» **Action item**
Restate the data exactly as given and keep the pictures out.

» **Material provided**
****************

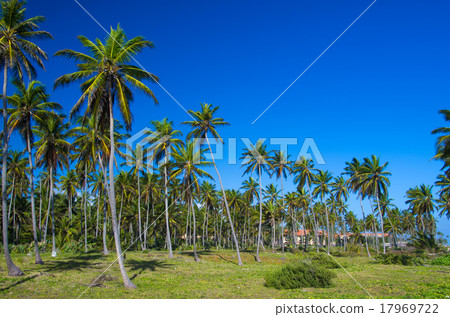 Palm tree Palm tree 17969722
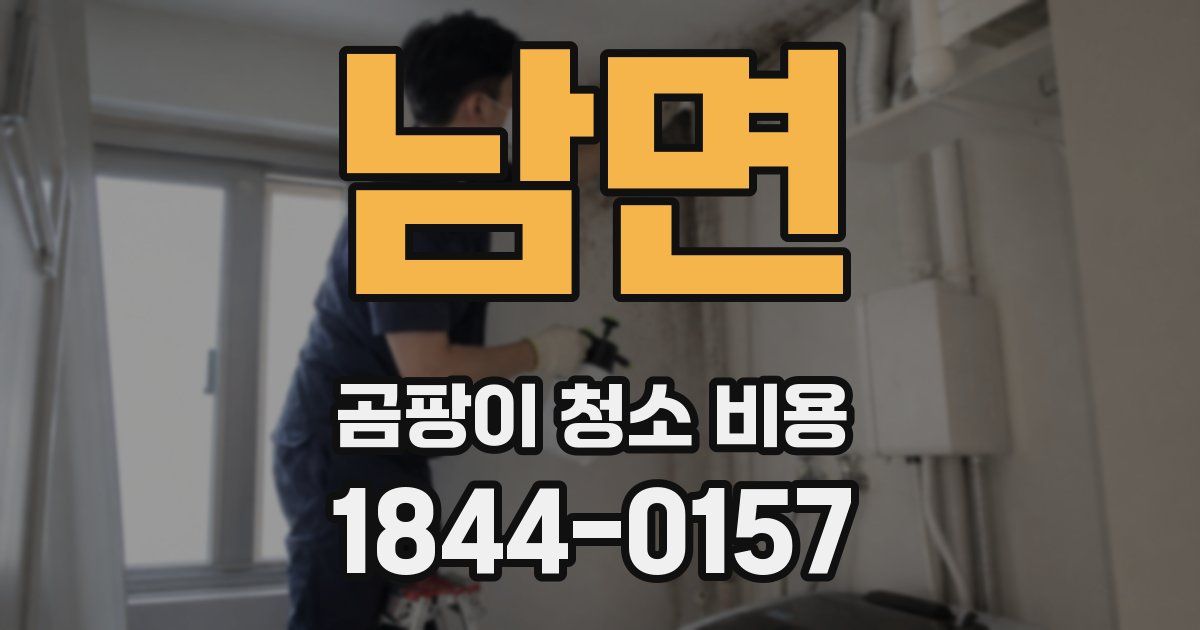 남면 곰팡이 청소 비용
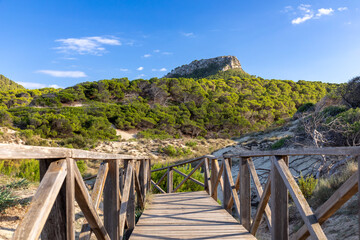 Fototapeta premium Naturschutzgebiet in den Dünen von Cala Mesquida, Mallorca, Spanien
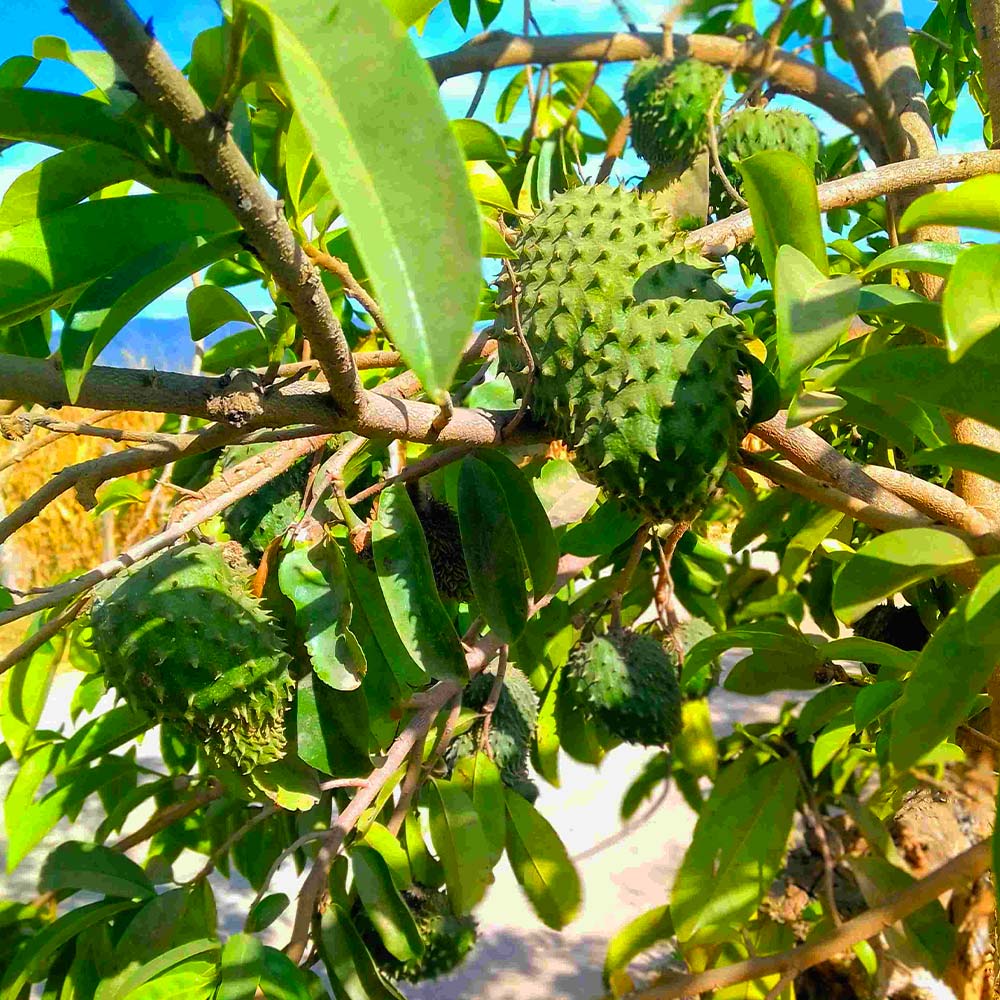 Soursop 'Guanabana' Tree 4 Soursop 'Guanabana' Tree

****************

» **Answer for the task**
 Palm tree Palm tree 17969722
 남면 곰팡이 청소 비용
 Fototapeta premium Naturschutzgebiet in den Dünen von Cala Mesquida, Mallorca, Spanien
 Soursop 'Guanabana' Tree 4 Soursop 'Guanabana' Tree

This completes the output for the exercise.